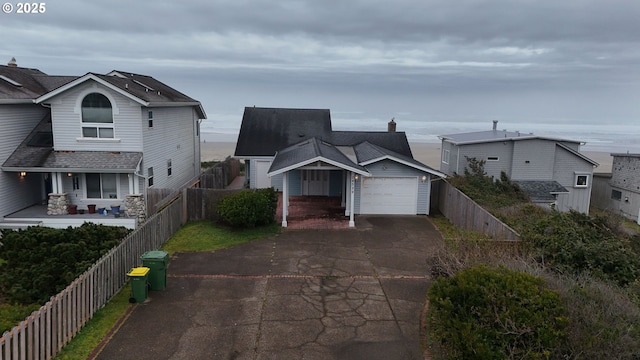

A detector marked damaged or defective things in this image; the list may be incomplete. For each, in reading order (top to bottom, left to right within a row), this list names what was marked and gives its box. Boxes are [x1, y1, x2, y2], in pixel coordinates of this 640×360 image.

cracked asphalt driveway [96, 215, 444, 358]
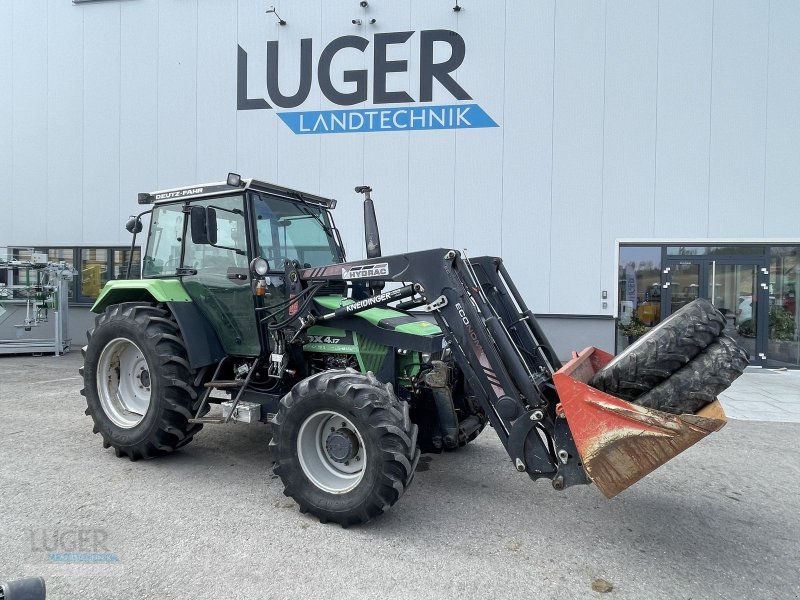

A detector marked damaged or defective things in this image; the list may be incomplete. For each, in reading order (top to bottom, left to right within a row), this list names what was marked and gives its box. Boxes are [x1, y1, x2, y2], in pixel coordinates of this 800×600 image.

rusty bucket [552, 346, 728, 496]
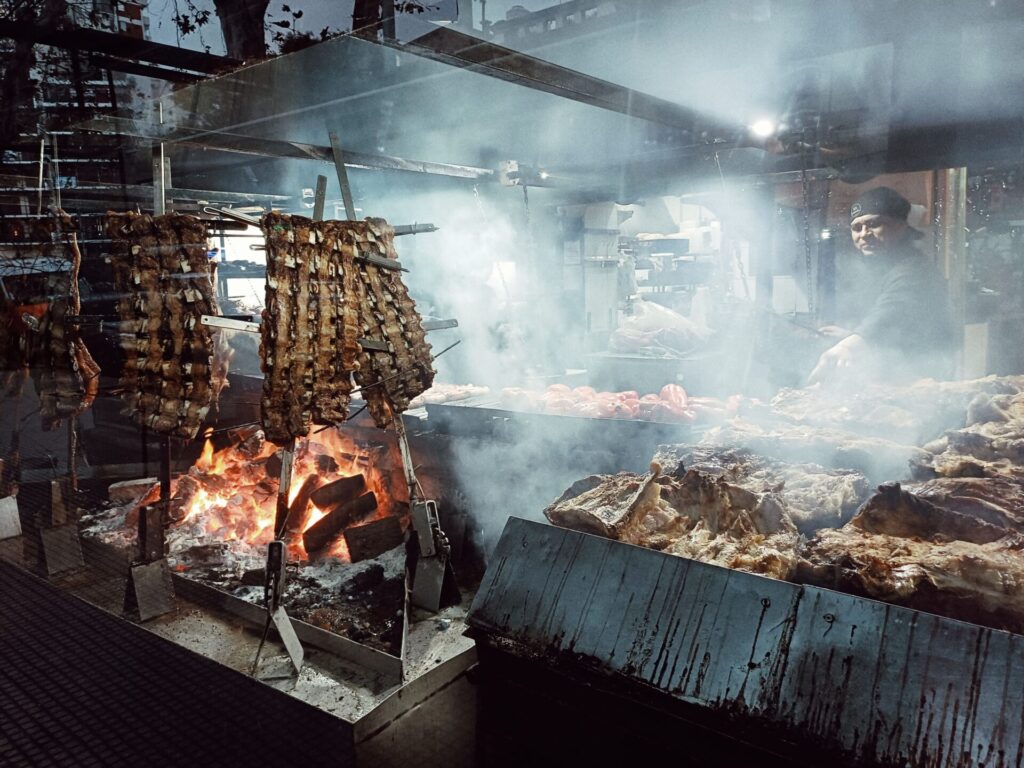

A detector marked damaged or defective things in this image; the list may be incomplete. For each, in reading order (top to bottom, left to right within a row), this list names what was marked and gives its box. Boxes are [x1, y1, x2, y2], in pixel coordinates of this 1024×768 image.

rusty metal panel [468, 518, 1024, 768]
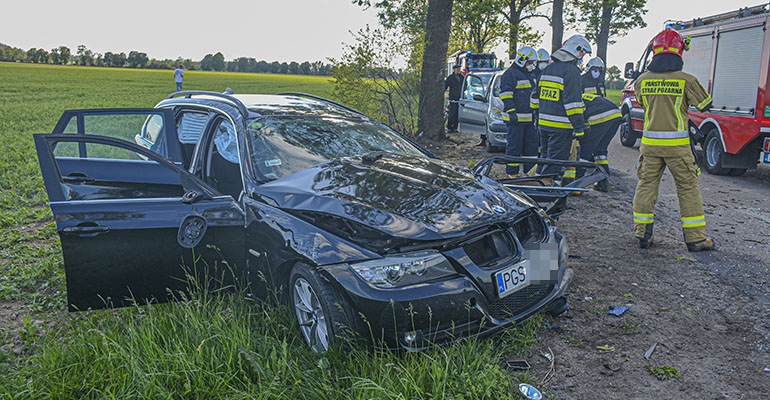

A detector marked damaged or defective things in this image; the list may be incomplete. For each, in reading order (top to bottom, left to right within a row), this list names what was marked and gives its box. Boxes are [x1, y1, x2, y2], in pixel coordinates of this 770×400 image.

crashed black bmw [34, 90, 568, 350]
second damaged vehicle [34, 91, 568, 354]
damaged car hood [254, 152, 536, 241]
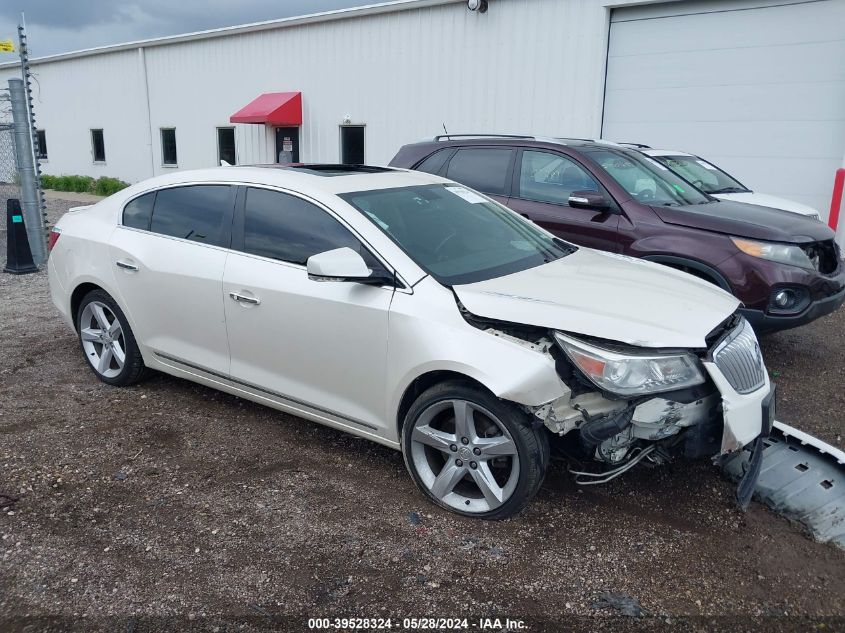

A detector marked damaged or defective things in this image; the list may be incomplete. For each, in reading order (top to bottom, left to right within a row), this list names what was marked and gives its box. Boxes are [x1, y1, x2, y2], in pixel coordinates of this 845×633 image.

**Prompt**
Exclude the pictures from the copy. Retype exactly the lines running from the one containing "this 1024×768 image." through the last line of the listing.

**Answer to the problem**
A detector marked damaged or defective things in this image; the list may be incomplete. For each, in reading order (top to bottom, left to right within a row), this list names what was marked and gives its box. Boxes are [x1, y1, x2, y2], in pixel coordinates of this 1024×768 image.

rusty metal panel [468, 518, 1024, 768]

A detector marked damaged or defective things in this image; the list may be incomplete. For each, in reading order (top to bottom, left to right within a row), this list names what was marked and gives its box. Boxes are [x1, y1, x2, y2], in pixel coordinates of this 770×400 image.

crashed black bmw [34, 90, 568, 350]
second damaged vehicle [34, 91, 568, 354]
damaged car hood [254, 152, 536, 241]

A detector marked damaged or defective things in this image; the list may be incomplete. For each, in reading order (top to bottom, left to right within a row), this list names what was marked and gives its box. Boxes are [x1, y1, x2, y2], in pixel coordinates of this 845×633 image.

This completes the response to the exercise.